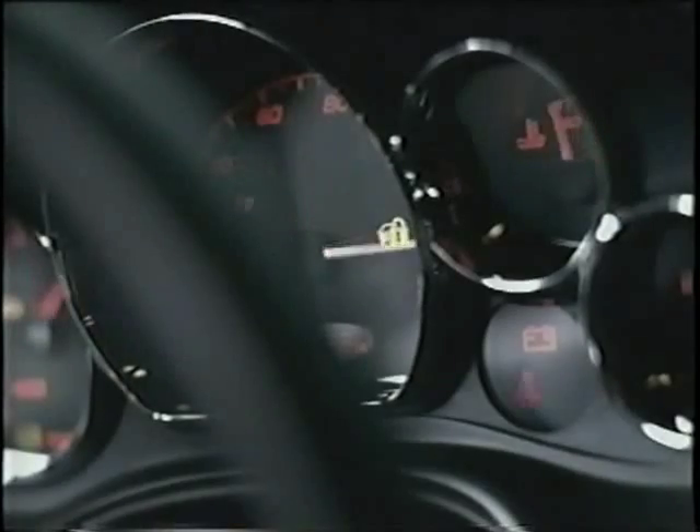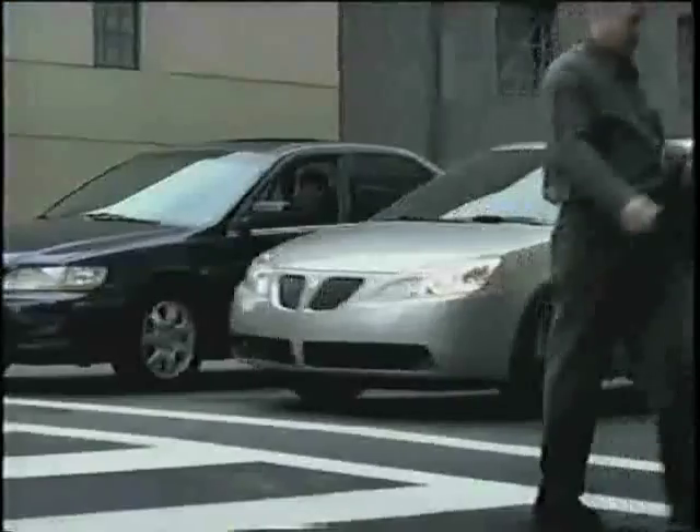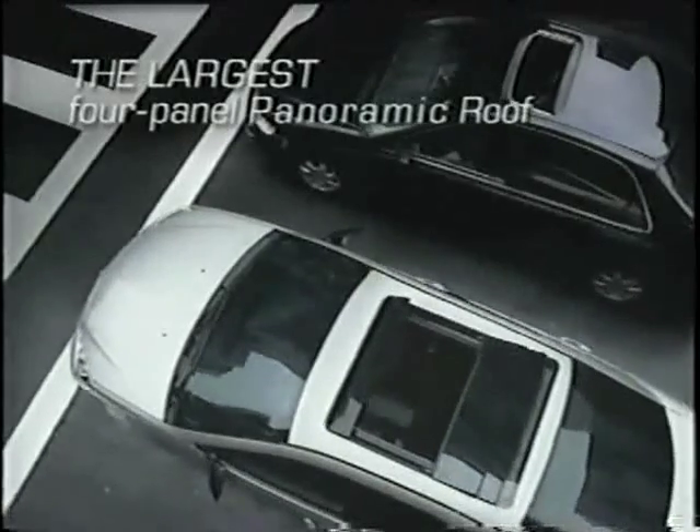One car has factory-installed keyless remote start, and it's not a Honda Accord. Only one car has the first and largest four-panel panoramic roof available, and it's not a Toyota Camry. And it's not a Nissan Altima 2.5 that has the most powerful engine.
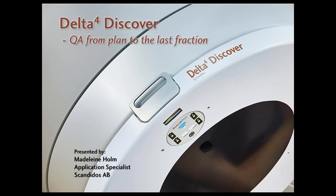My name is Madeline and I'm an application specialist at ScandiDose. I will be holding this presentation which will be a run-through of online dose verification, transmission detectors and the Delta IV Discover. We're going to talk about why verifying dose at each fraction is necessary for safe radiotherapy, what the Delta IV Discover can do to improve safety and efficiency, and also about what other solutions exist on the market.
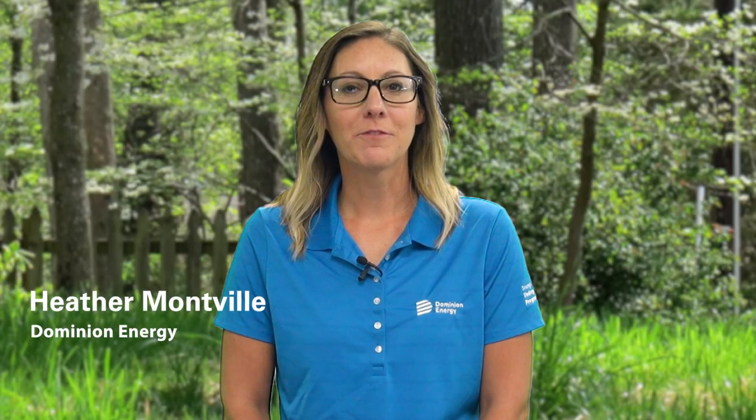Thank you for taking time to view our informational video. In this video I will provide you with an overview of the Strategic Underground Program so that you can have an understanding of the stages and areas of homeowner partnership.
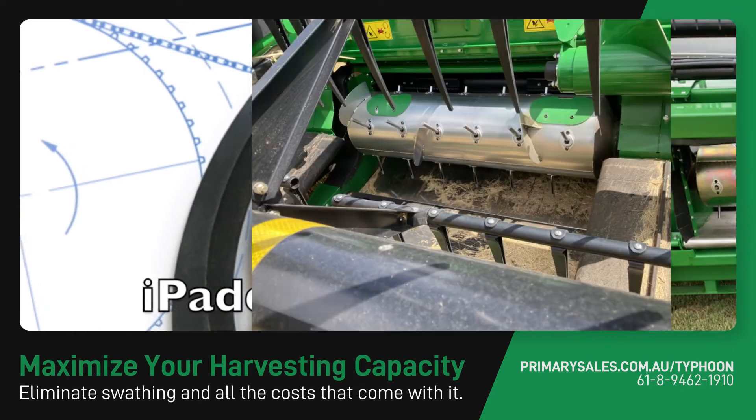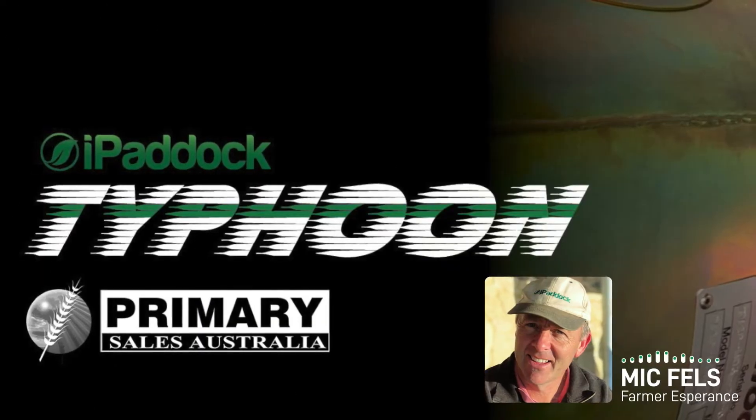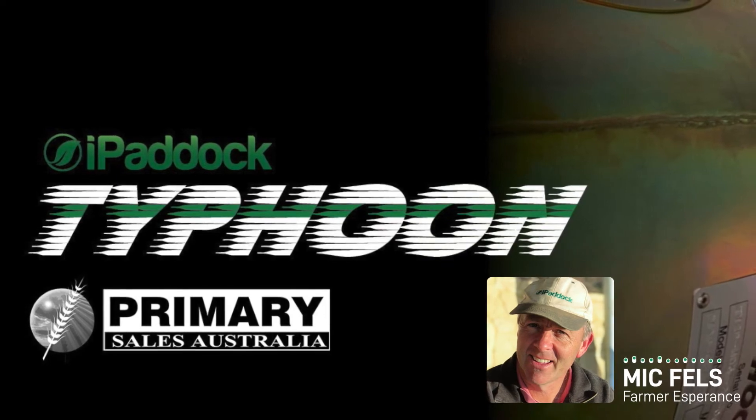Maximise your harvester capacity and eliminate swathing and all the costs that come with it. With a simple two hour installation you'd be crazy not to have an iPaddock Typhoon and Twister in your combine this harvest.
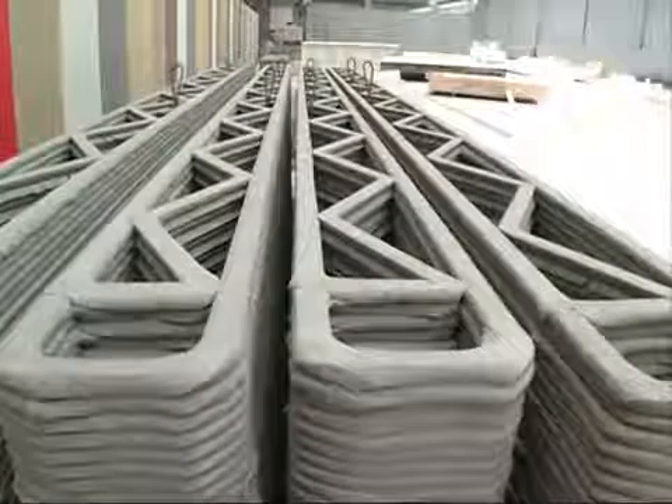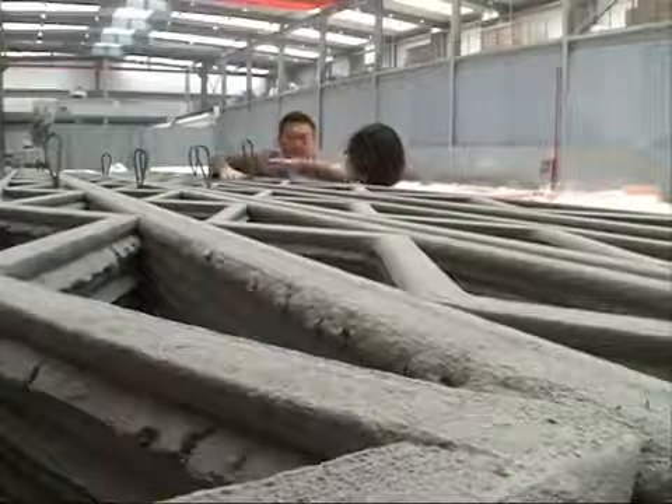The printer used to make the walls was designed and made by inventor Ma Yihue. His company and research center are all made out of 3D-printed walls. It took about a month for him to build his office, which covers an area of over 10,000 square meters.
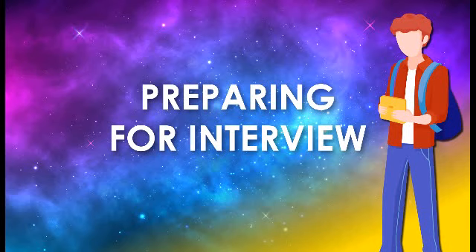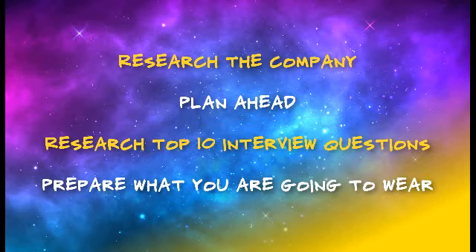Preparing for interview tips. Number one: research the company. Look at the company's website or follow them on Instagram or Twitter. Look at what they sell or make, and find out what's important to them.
---
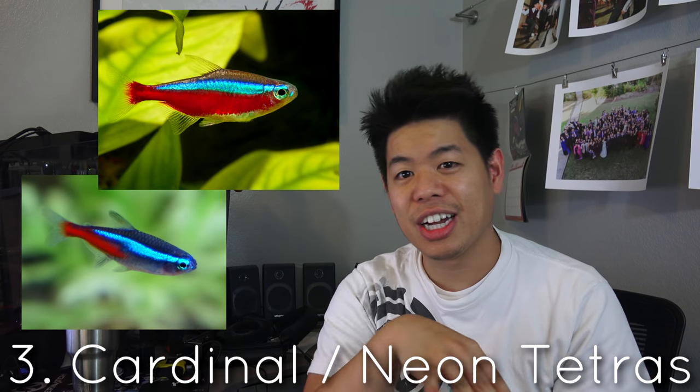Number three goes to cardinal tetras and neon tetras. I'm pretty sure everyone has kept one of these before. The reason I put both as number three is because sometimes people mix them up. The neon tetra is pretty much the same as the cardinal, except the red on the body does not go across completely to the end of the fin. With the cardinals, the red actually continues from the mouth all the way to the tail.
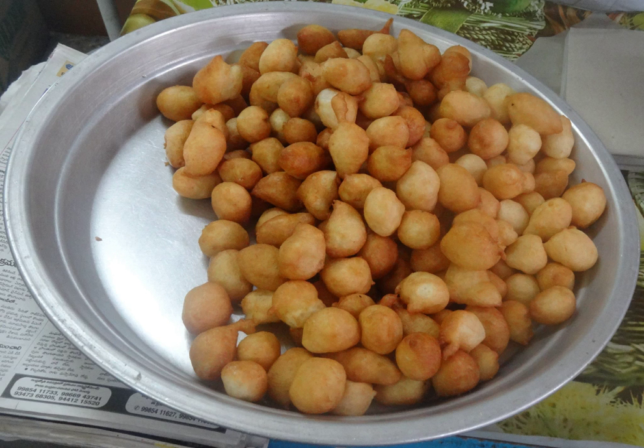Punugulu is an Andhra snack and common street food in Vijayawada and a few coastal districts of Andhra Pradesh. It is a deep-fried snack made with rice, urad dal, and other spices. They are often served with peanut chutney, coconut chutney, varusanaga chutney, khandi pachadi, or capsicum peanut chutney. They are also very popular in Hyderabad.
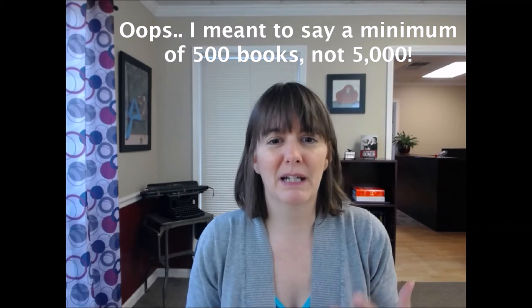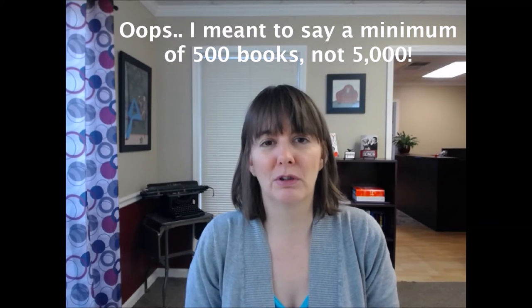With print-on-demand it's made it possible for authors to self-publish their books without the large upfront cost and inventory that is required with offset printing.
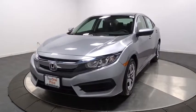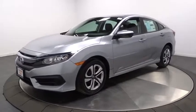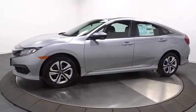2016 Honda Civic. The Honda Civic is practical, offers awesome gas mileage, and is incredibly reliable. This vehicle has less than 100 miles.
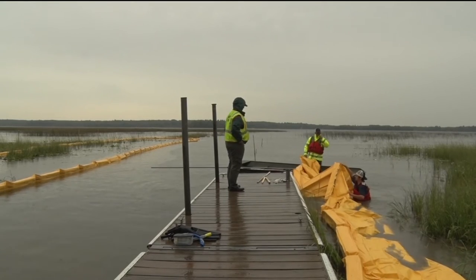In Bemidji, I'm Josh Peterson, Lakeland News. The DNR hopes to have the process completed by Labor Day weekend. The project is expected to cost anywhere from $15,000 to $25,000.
---
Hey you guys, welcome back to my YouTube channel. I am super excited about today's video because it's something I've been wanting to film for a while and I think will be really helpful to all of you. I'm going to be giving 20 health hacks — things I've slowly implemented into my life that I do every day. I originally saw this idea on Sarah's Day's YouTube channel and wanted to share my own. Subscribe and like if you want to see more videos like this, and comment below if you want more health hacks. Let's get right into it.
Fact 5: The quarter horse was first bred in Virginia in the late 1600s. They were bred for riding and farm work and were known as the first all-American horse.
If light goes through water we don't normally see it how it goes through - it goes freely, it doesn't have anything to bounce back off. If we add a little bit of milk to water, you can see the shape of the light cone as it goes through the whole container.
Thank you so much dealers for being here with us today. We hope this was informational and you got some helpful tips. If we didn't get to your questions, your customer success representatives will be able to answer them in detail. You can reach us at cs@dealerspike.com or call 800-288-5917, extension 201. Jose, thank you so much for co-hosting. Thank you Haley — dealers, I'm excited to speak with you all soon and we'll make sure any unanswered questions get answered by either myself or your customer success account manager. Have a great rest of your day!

◆ To do ◆
Copy word for word only the lines above from the one with "Thank you for" through the one with "The printer used". Leave pictures out.

◆ Answer to the problem ◆
Thank you for taking time to view our informational video. In this video I will provide you with an overview of the Strategic Underground Program so that you can have an understanding of the stages and areas of homeowner partnership.
Maximise your harvester capacity and eliminate swathing and all the costs that come with it. With a simple two hour installation you'd be crazy not to have an iPaddock Typhoon and Twister in your combine this harvest.
The printer used to make the walls was designed and made by inventor Ma Yihue. His company and research center are all made out of 3D-printed walls. It took about a month for him to build his office, which covers an area of over 10,000 square meters.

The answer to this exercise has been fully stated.